■ **Aim of the exercise**:
Every entry is to be copied exactly as written, and the pictures are to be skipped.

[[ Input material, beginning ]]

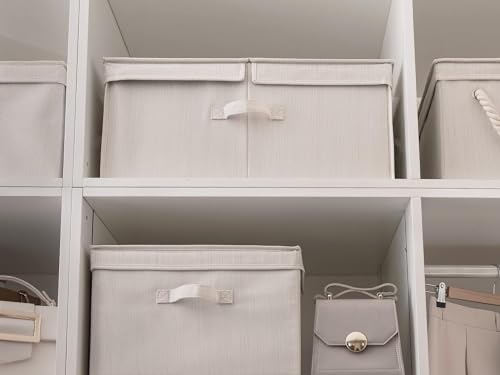 StorageWorks Extra Large Storage Bins with Lids, 55L Decorative Storage Bins with Double-Open Lid and Divider Board, Fabric Bins with Handles, Mixing of Beige, White & Ivory, 2-Pack - color: Mixing of Beige, White & Ivory, size: Jumbo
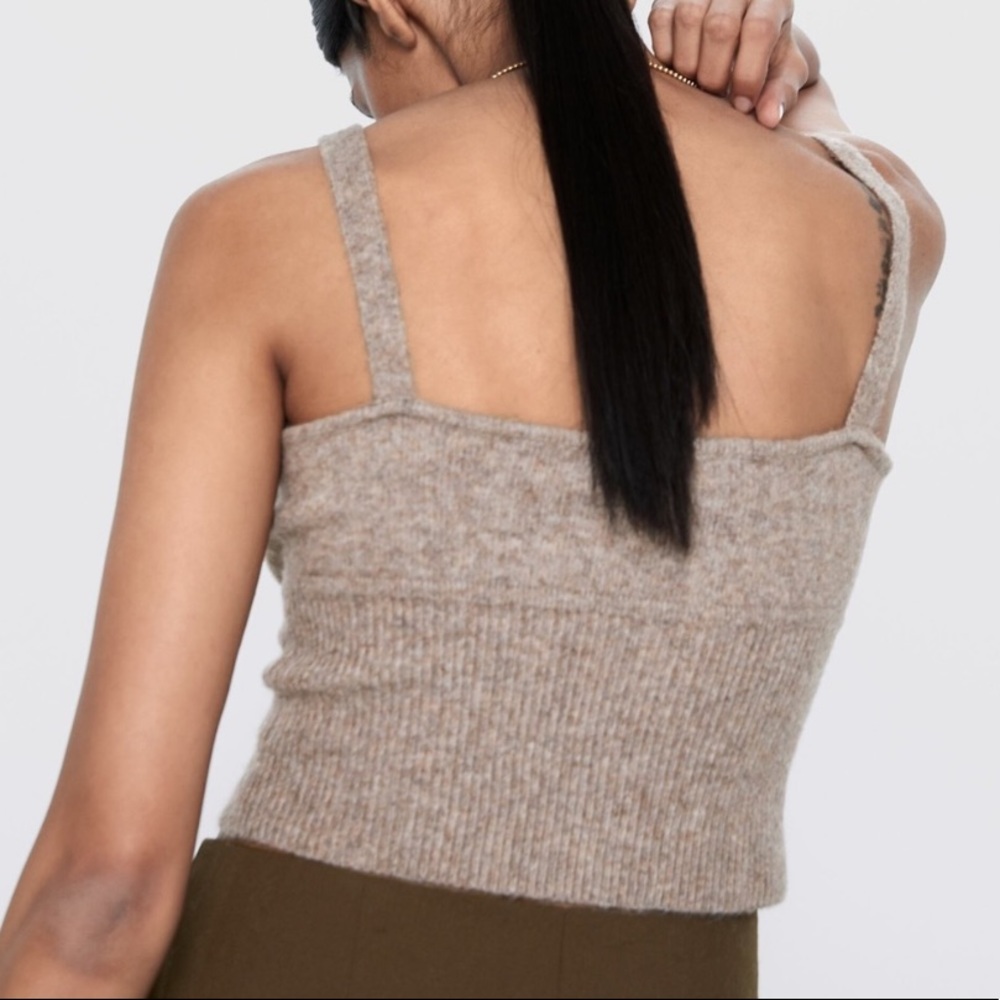 NWT Zara Wool Camel Blend Sweater Crop Top size Large - Picture 2 of 12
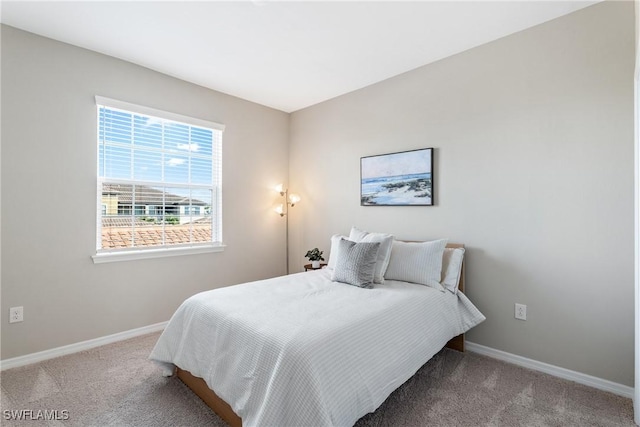 bedroom with baseboards and carpet floors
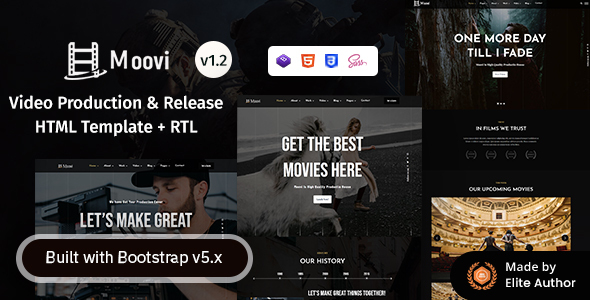 Moovi – Video Production & Release HTML Template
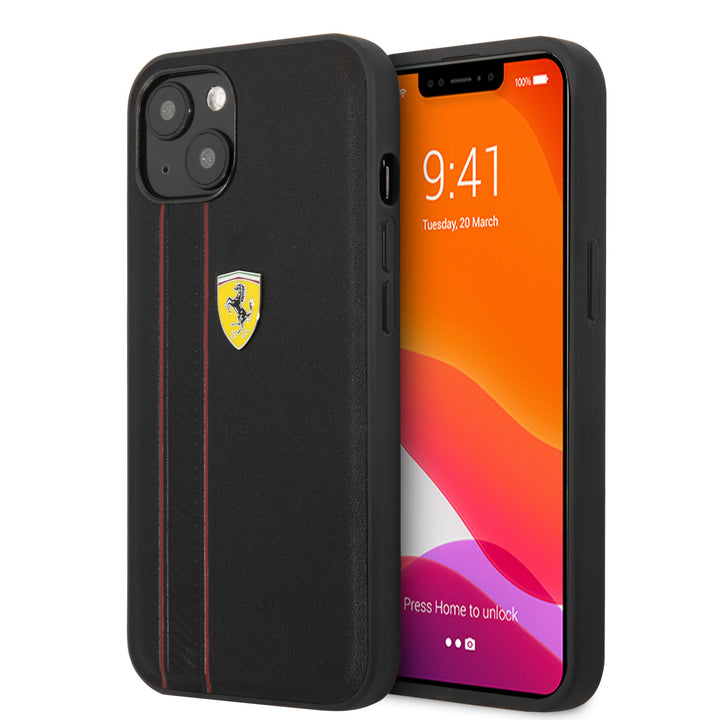 Ferrari iPhone 13 & 14 Hardcase Backcover - Debossed Stripes - Zwart-Hoesjes-Ilumina Benelux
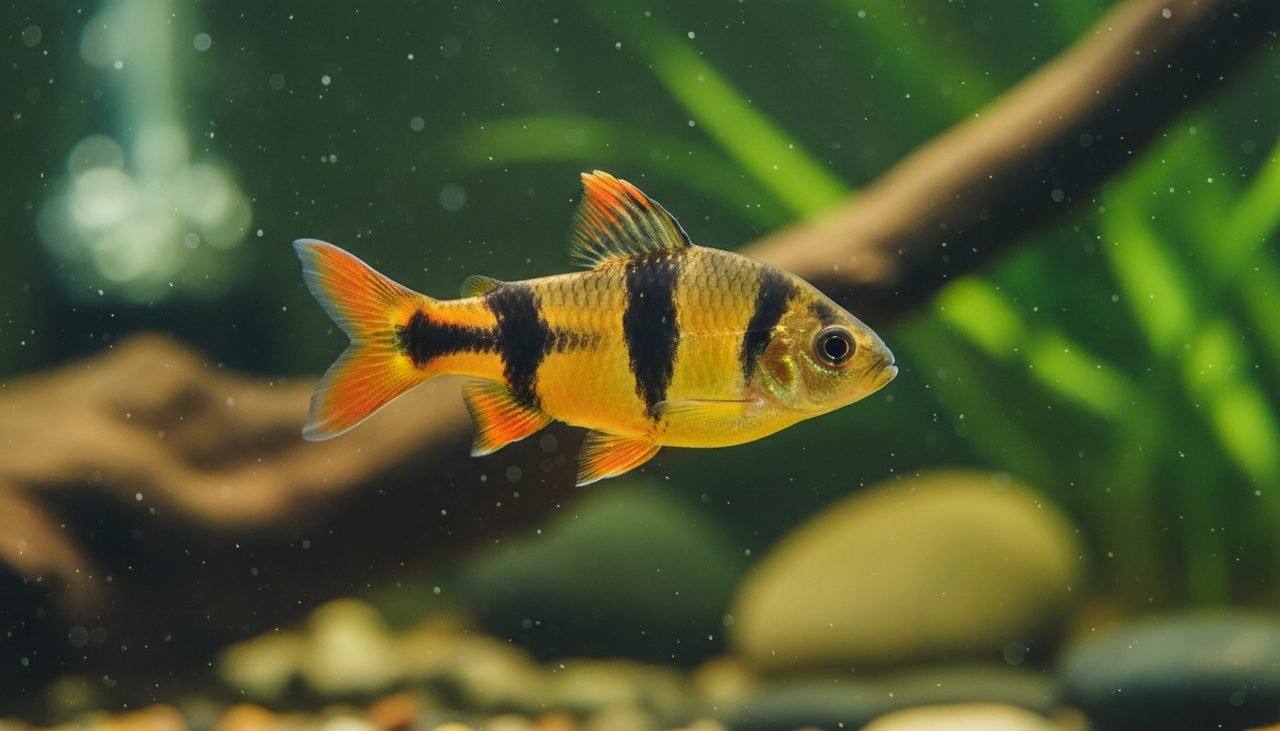 Tiger barb, the best-known fin nipper on the keep-apart list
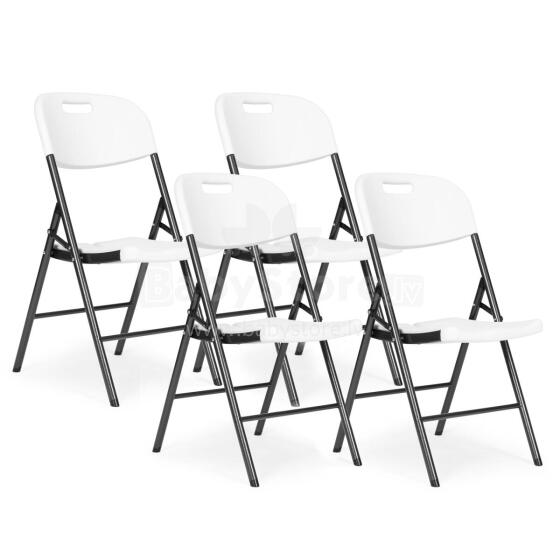 Set of 4 folding chairs, catering set, metal, HDPE, white, ModernHome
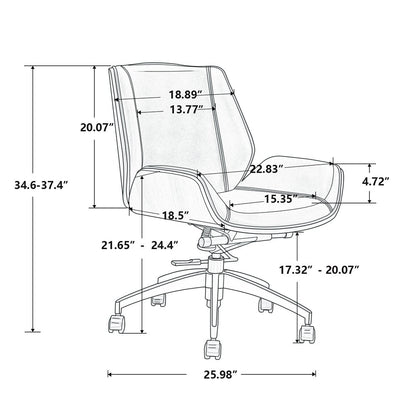 Brown Rosewood and Silver Adjustable Height Swivel Rolling Conference Office Chair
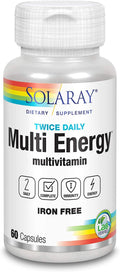 SOLARAY Twice Daily Multi Energy Multivitamínico Sin Hierro | Complejo Multivitamínico para Energía e Inmunidad | Non-GMO | 120 Cápsulas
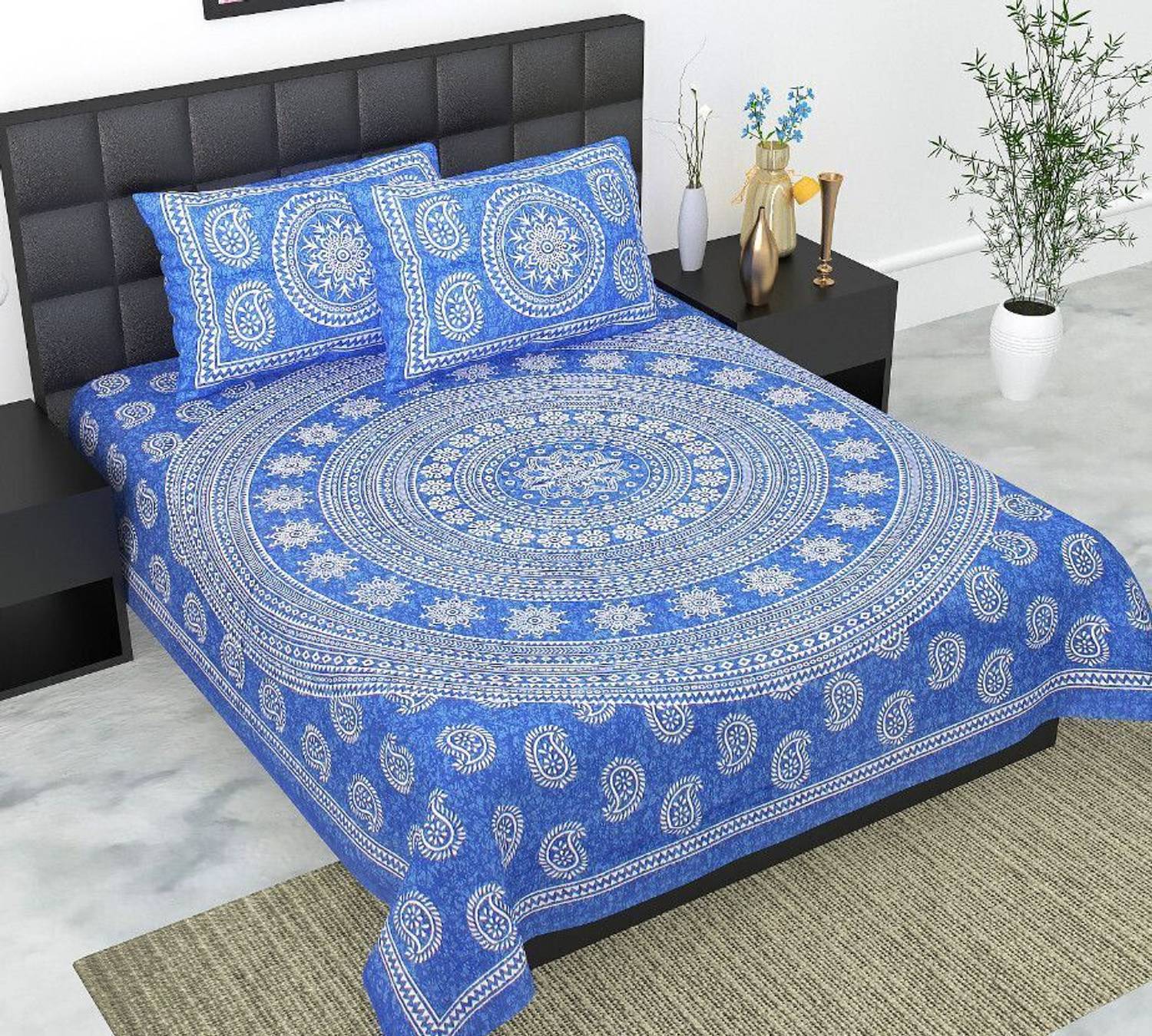 Poorak Cotton Double Flat 104 TC Jaipuri Prints 1 Bedsheet with 2
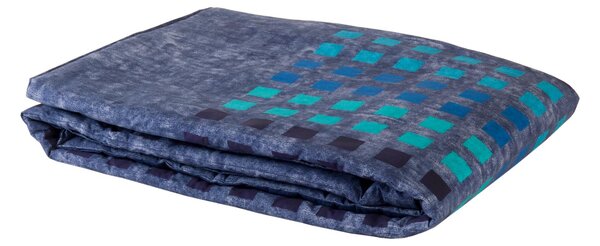 Telo Arredo Copridivano In Plaid Grandecor In Percalle Museum 130x180 Carrara Moderno Blu Caleffi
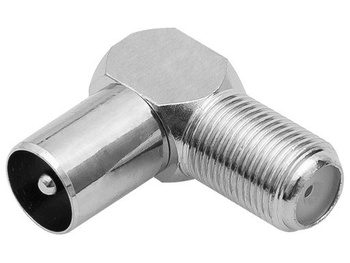 PRZEJŚCIE GNIAZDA F NA WTYK ANTENOWY KĄTOWY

[[ Input material, end ]]

■ **Expected output**:
 StorageWorks Extra Large Storage Bins with Lids, 55L Decorative Storage Bins with Double-Open Lid and Divider Board, Fabric Bins with Handles, Mixing of Beige, White & Ivory, 2-Pack - color: Mixing of Beige, White & Ivory, size: Jumbo
 NWT Zara Wool Camel Blend Sweater Crop Top size Large - Picture 2 of 12
 bedroom with baseboards and carpet floors
 Moovi – Video Production & Release HTML Template
 Ferrari iPhone 13 & 14 Hardcase Backcover - Debossed Stripes - Zwart-Hoesjes-Ilumina Benelux
 Tiger barb, the best-known fin nipper on the keep-apart list
 Set of 4 folding chairs, catering set, metal, HDPE, white, ModernHome
 Brown Rosewood and Silver Adjustable Height Swivel Rolling Conference Office Chair
 SOLARAY Twice Daily Multi Energy Multivitamínico Sin Hierro | Complejo Multivitamínico para Energía e Inmunidad | Non-GMO | 120 Cápsulas
 Poorak Cotton Double Flat 104 TC Jaipuri Prints 1 Bedsheet with 2
 Telo Arredo Copridivano In Plaid Grandecor In Percalle Museum 130x180 Carrara Moderno Blu Caleffi
 PRZEJŚCIE GNIAZDA F NA WTYK ANTENOWY KĄTOWY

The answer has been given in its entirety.